▶ [Your goal]: Search the listing below for the line with "30 June 2024 Results announcement", then write out that line and every one after it exactly, without the pictures.

▶ [Material provided]:

== Segment start ==

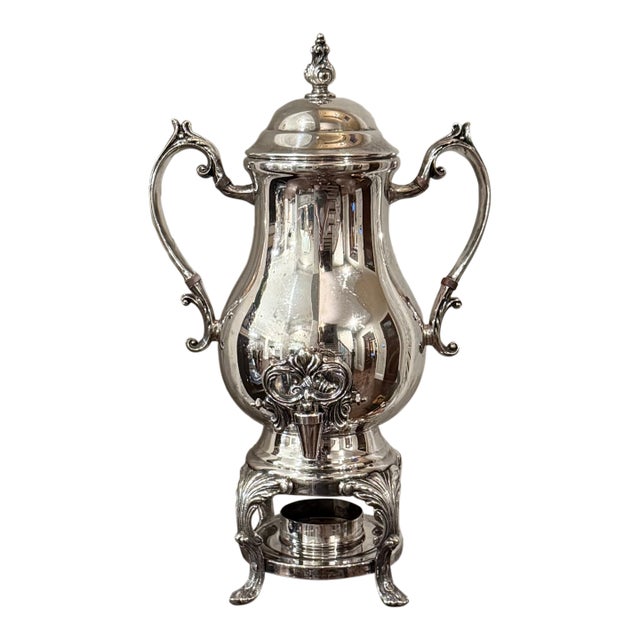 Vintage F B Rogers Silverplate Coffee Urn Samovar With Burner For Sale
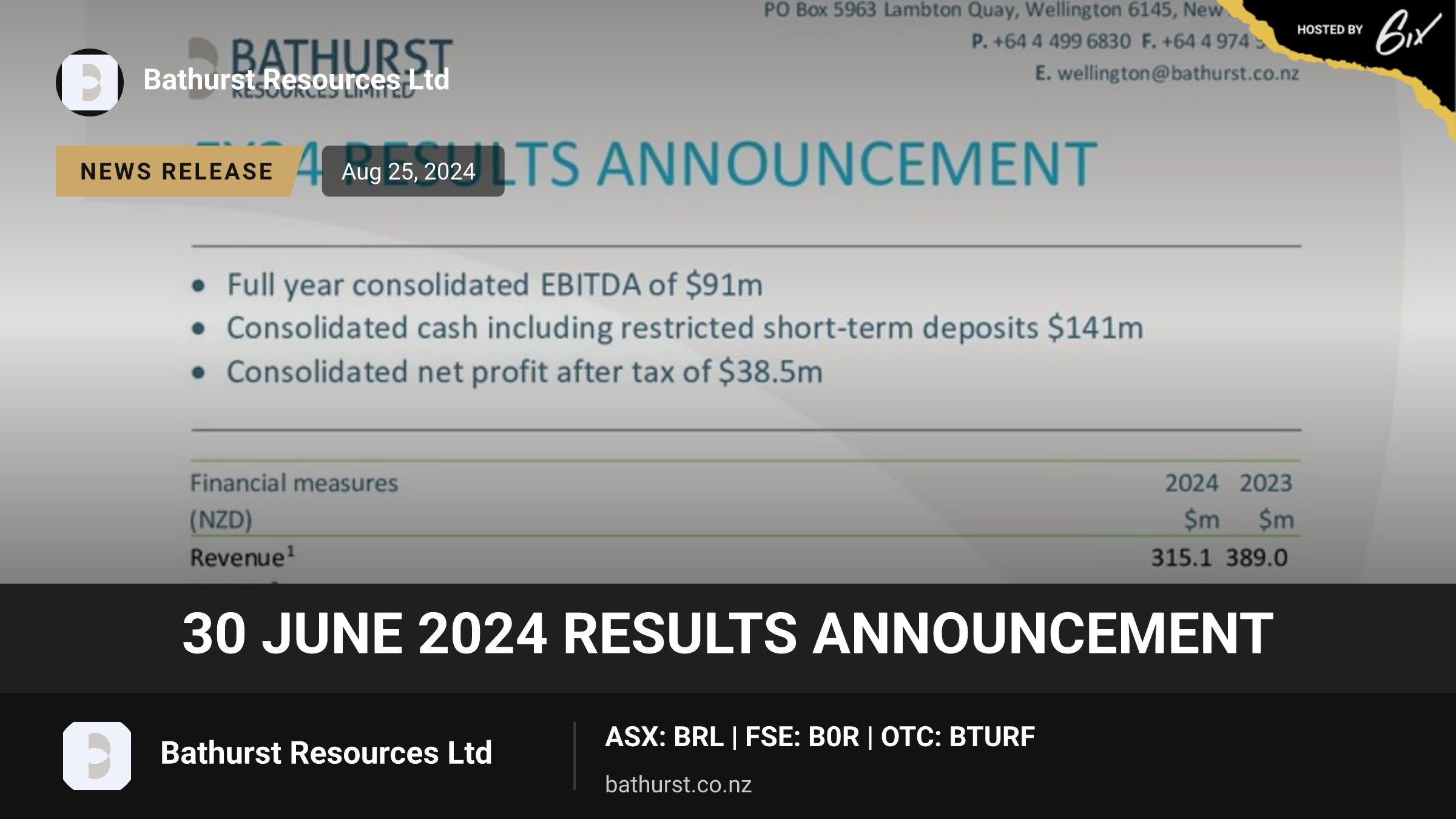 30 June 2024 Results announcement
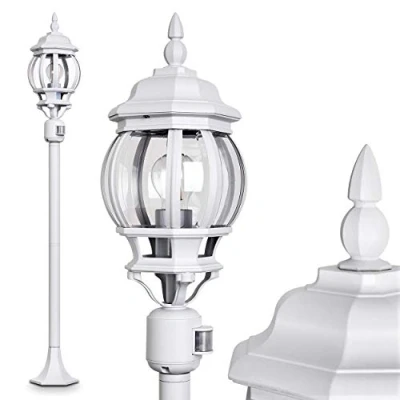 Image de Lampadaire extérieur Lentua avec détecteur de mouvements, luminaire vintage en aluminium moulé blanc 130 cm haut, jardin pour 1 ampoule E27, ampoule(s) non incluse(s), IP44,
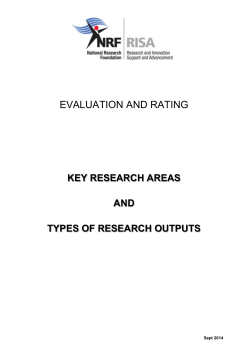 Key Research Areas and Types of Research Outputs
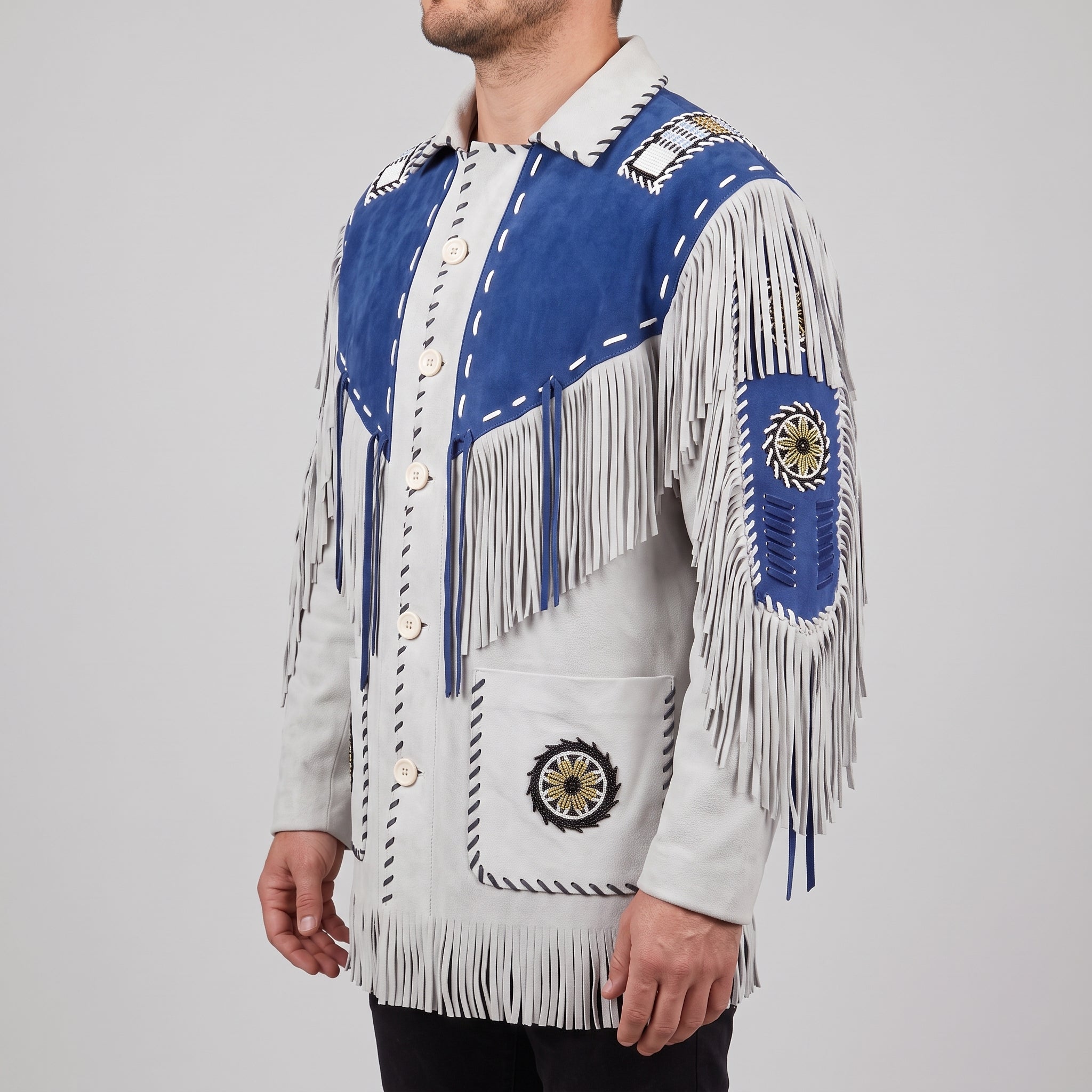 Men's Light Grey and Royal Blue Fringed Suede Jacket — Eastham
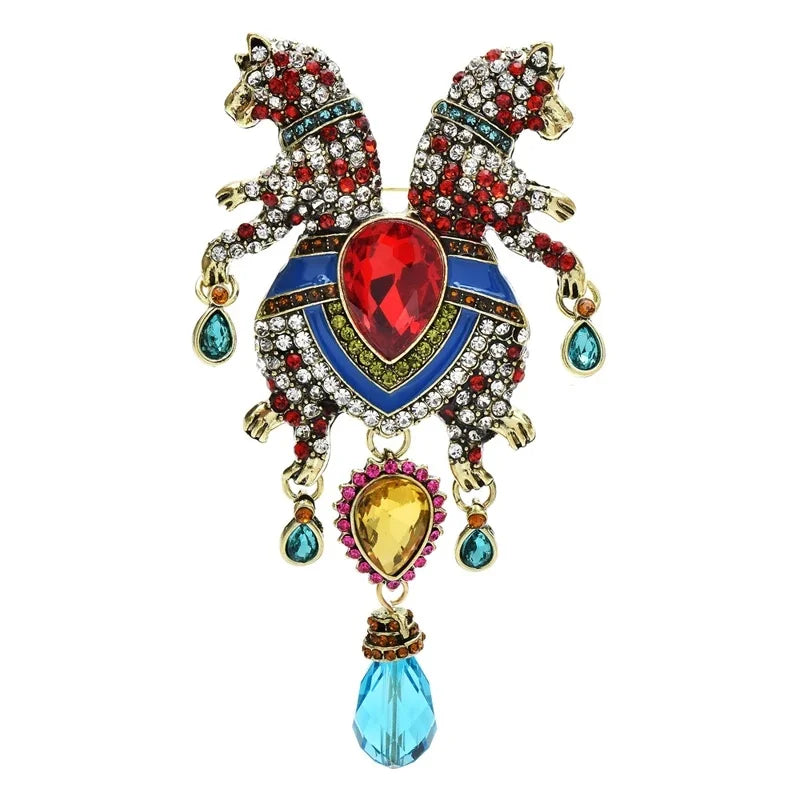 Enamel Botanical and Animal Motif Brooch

== Segment end ==

▶ [Task answer]:
 30 June 2024 Results announcement
 Image de Lampadaire extérieur Lentua avec détecteur de mouvements, luminaire vintage en aluminium moulé blanc 130 cm haut, jardin pour 1 ampoule E27, ampoule(s) non incluse(s), IP44,
 Key Research Areas and Types of Research Outputs
 Men's Light Grey and Royal Blue Fringed Suede Jacket — Eastham
 Enamel Botanical and Animal Motif Brooch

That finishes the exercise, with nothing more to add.